=== DATA TO USE ===
◇ ◇ ◇ ◇ ◇

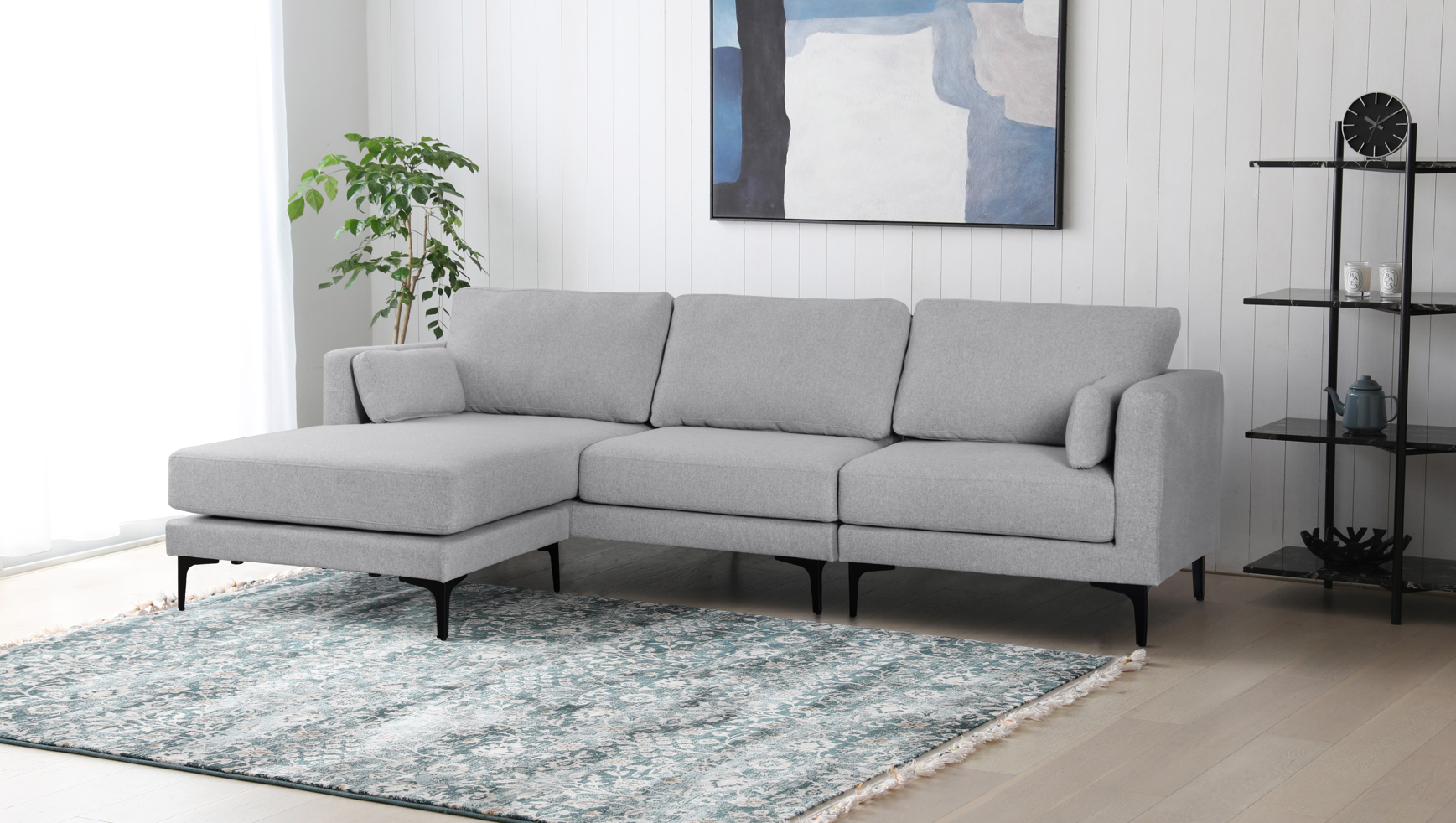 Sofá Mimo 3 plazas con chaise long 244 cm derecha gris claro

◇ ◇ ◇ ◇ ◇

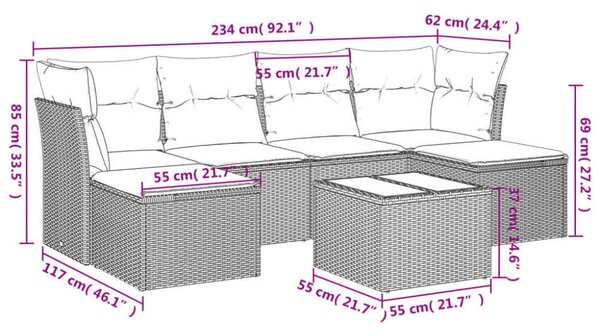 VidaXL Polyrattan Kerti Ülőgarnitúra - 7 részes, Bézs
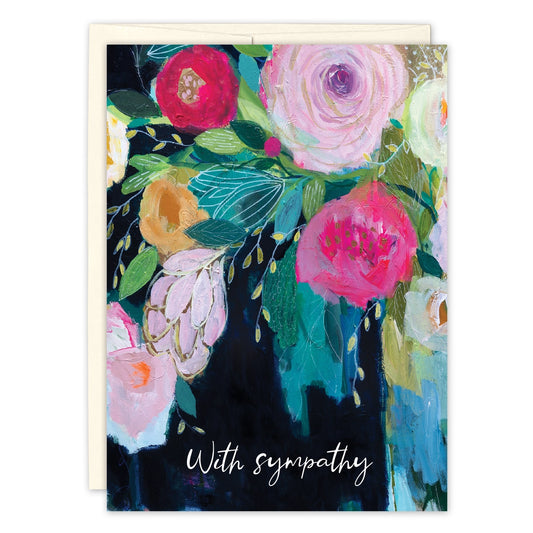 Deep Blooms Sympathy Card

◇ ◇ ◇ ◇ ◇

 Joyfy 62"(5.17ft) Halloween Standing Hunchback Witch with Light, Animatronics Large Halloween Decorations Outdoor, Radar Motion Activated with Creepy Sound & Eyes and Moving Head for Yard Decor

◇ ◇ ◇ ◇ ◇

=== WORK TO COMPLETE ===
Copy the lines above exactly, starting with the line that contains "VidaXL Polyrattan Kerti" and ending with the line that contains "Deep Blooms Sympathy Card", and leave out any pictures.

=== RESULT FOR THIS TASK ===
 VidaXL Polyrattan Kerti Ülőgarnitúra - 7 részes, Bézs
 Deep Blooms Sympathy Card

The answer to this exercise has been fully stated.